Let's create a simple sidpy Dataset from a numpy array:

In [2]:
dataset = sid.Dataset.from_array(np.random.random([4, 5, 10]), name='new')
dataset

Unnamed: 0,Array,Chunk
Bytes,1.60 kB,1.60 kB
Shape,"(4, 5, 10)","(4, 5, 10)"
Count,1 Tasks,1 Chunks
Type,float64,numpy.ndarray
"Array Chunk Bytes 1.60 kB 1.60 kB Shape (4, 5, 10) (4, 5, 10) Count 1 Tasks 1 Chunks Type float64 numpy.ndarray",10  5  4,

Unnamed: 0,Array,Chunk
Bytes,1.60 kB,1.60 kB
Shape,"(4, 5, 10)","(4, 5, 10)"
Count,1 Tasks,1 Chunks
Type,float64,numpy.ndarray


Let's also define the dataset attributes...

In [3]:
dataset.data_type = 'SPECTRAL_IMAGE'
dataset.units = 'nA'
dataset.quantity = 'Current'

... and set individual dimensions. In the case of spectroscopic datasets, the first two dimensions are typically spatial units (e.g. nm) and the third one can be energy (e.g. $meV$ or $nm^{-1}$).

In [4]:
dataset.set_dimension(0, sid.Dimension(np.arange(dataset.shape[0]), 'x',
                                        units='nm', quantity='Length',
                                        dimension_type='spatial'))
dataset.set_dimension(1, sid.Dimension(np.linspace(-2, 2, num=dataset.shape[1], endpoint=True), 'y', 
                                        units='nm', quantity='Length',
                                        dimension_type='spatial'))
dataset.set_dimension(2, sid.Dimension(np.sin(np.linspace(0, 2 * np.pi, num=dataset.shape[2])), 'bias',
                                        units='mV', quantity='Voltage',
                                        dimension_type='spectral'))

In [5]:
print(dataset.dim_0)
print(dataset.dim_1)
print(dataset.dim_2)

x:  Length (nm) of size (4,)
y:  Length (nm) of size (5,)
bias:  Voltage (mV) of size (10,)


## Writing sidpy.Dataset object(s) to HDF5 files

Load NSID-formatted h5 file:

In [6]:
hf = h5py.File("test.hf5", 'r+')
print(*hf["Measurement_000"].keys())

Channel_000 Channel_001 Channel_002


Let's create a new channel where we are going to save our sidpy dataset:

In [7]:
hf.create_group('Measurement_000/Channel_003')
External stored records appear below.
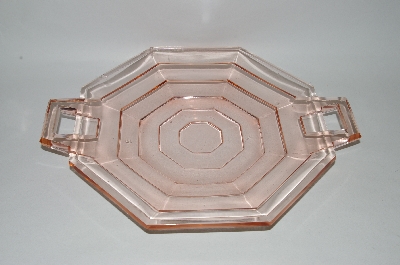 + MBA #60-281  Vintage Pink Glass "Tearoom" Platter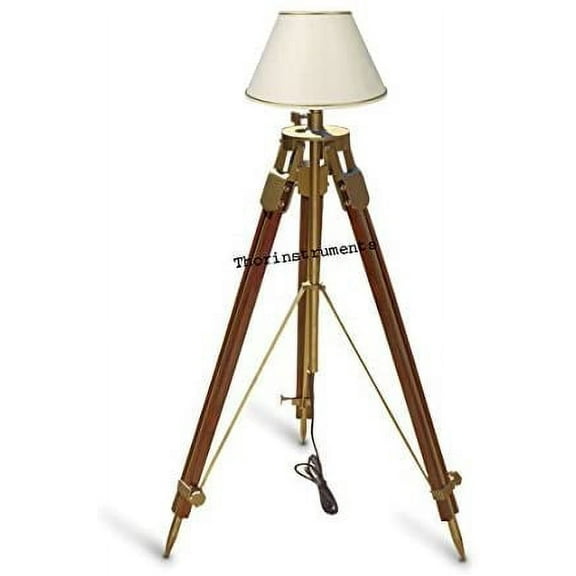 Nautical Antique Brass Floor Lamp Brown Tripod Stand Shade Lamp Home Decor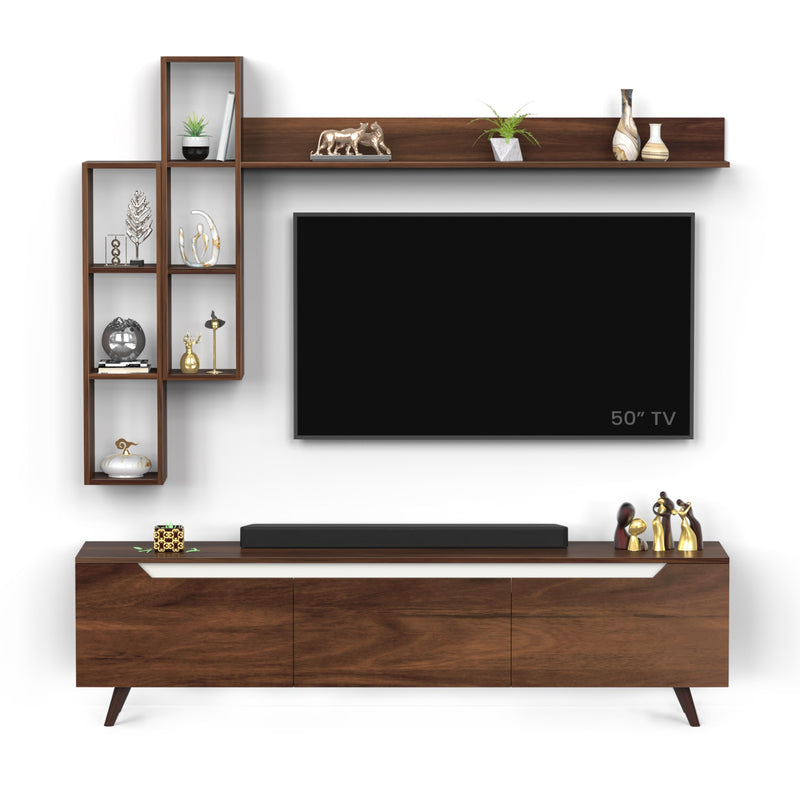 Blesky Miltra TV Unit & Cabinet with Wall Shelves (Idealfor TV Upto 60" )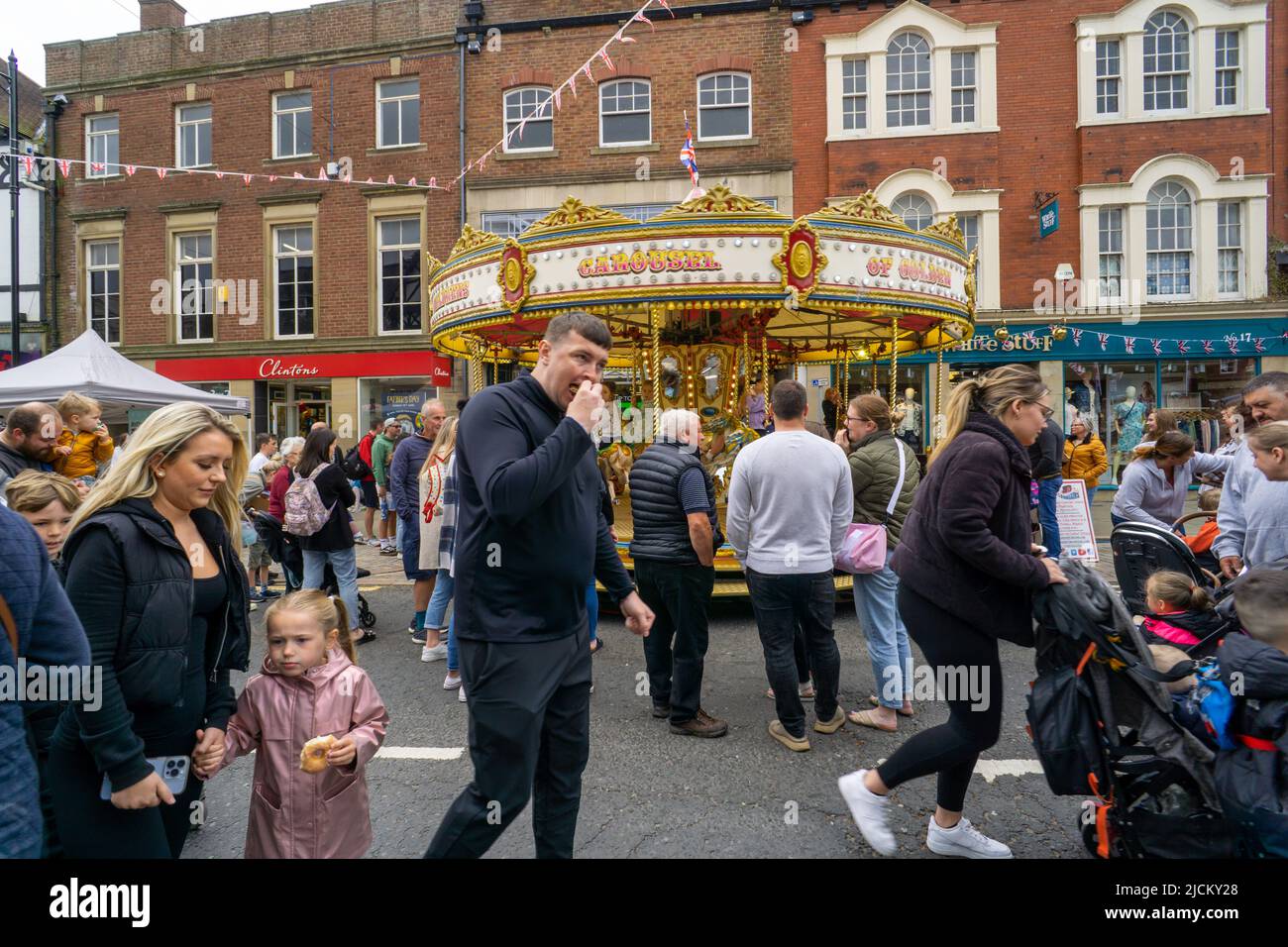People enjoying Morpeth Fair Day 2022, in Morpeth, Northumberland, UK ...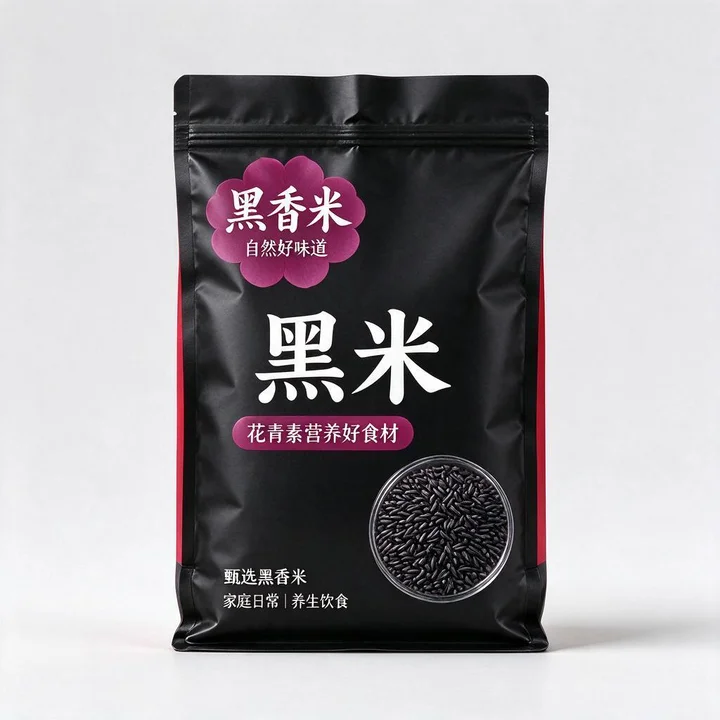 黑米包装袋（黑香米避光防氧化防潮彩印自立袋）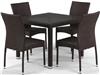 Комплект обеденной мебели Афина 4+1 T257A/YC379A-W53 Brown 4Pcs, иск.ротанг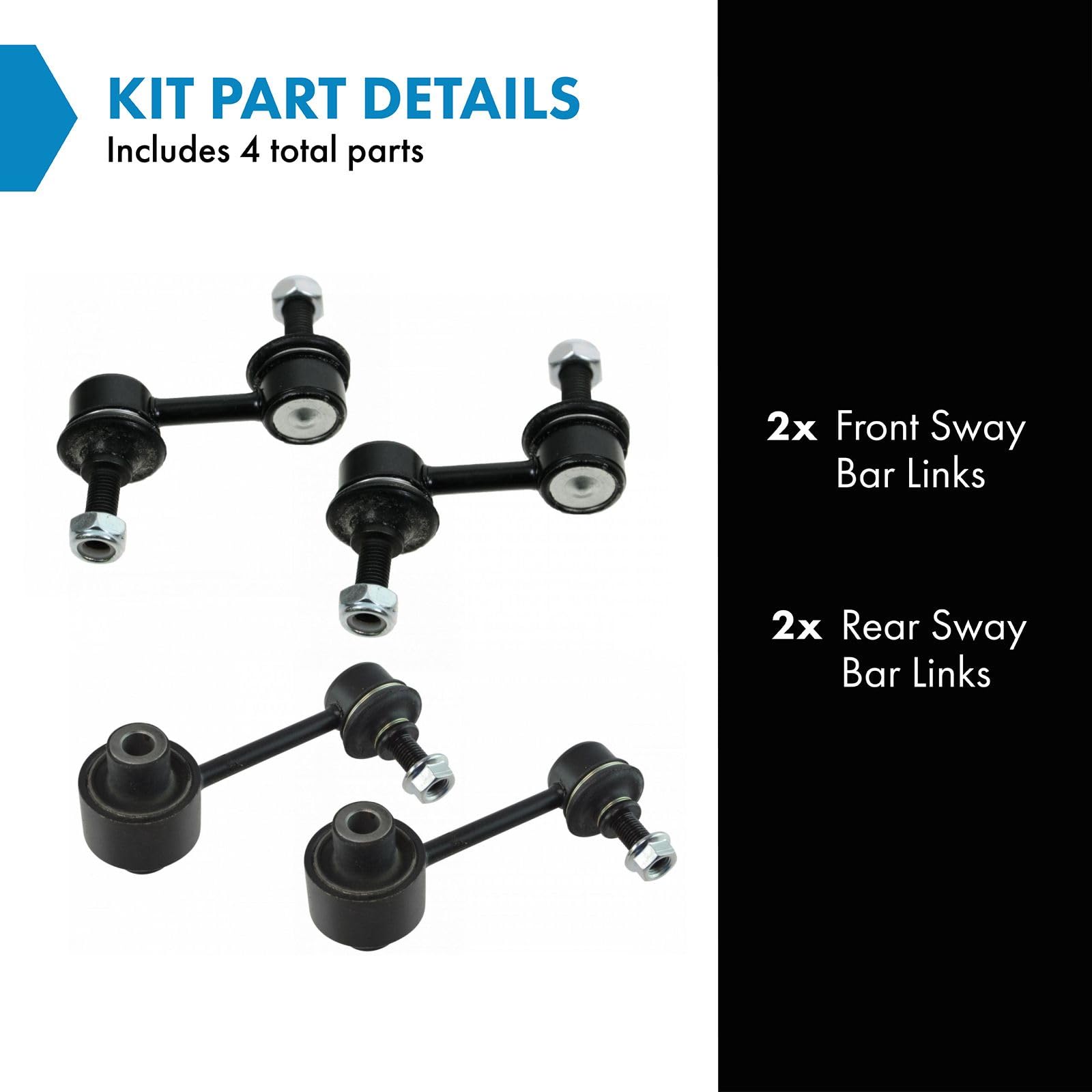 Trq Front & Rear Sway Bar Stabilizer Link Set Compatible With 2008-2016 Subaru Impreza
<HDF5 group "/Measurement_000/Channel_003" (0 members)>

Now let's write our sidpy dataset into the newly created channel:

In [8]:
nsid.hdf_io.write_nsid_dataset(dataset, hf['Measurement_000/Channel_003'], main_data_name="new_spectrum");

<HDF5 group "/Measurement_000/Channel_003" (0 members)> new_spectrum


Close h5 file:

In [9]:
hf.close()

## Reading sidpy.Dataset object(s)

Load back the file:

In [10]:
hf = h5py.File("test.hf5", 'r+')
print(*hf["Measurement_000"].keys())

Channel_000 Channel_001 Channel_002 Channel_003


Find our dataset:

In [11]:
dataset_hdf5  =  nsid.io.hdf_utils.find_dataset(hf,'new_spectrum')[0]
dataset_hdf5

<HDF5 dataset "new_spectrum": shape (4, 5, 10), type "<f8">

Read the dataset stored in HDF5 format as a sidpy object (Dataset) using NSIDReader:

In [12]:
dr = nsid.NSIDReader(dataset_hdf5)
dataset_sid = dr.read()[0]
assert isinstance(dataset_sid, sid.sid.dataset.Dataset)

View the attributes, which are stored as Python dictionary:

In [13]:
for k, v in dataset_sid.attrs.items():
    print("{}: {}".format(k, v))

DIMENSION_LABELS: [b'x' b'y' b'bias']
DIMENSION_LIST: [array([<HDF5 object reference>], dtype=object)
 array([<HDF5 object reference>], dtype=object)
 array([<HDF5 object reference>], dtype=object)]
data_type: SPECTRAL_IMAGE
main_data_name: new
modality: generic
nsid_version: 0.0.1
quantity: Current
source: generic
units: nA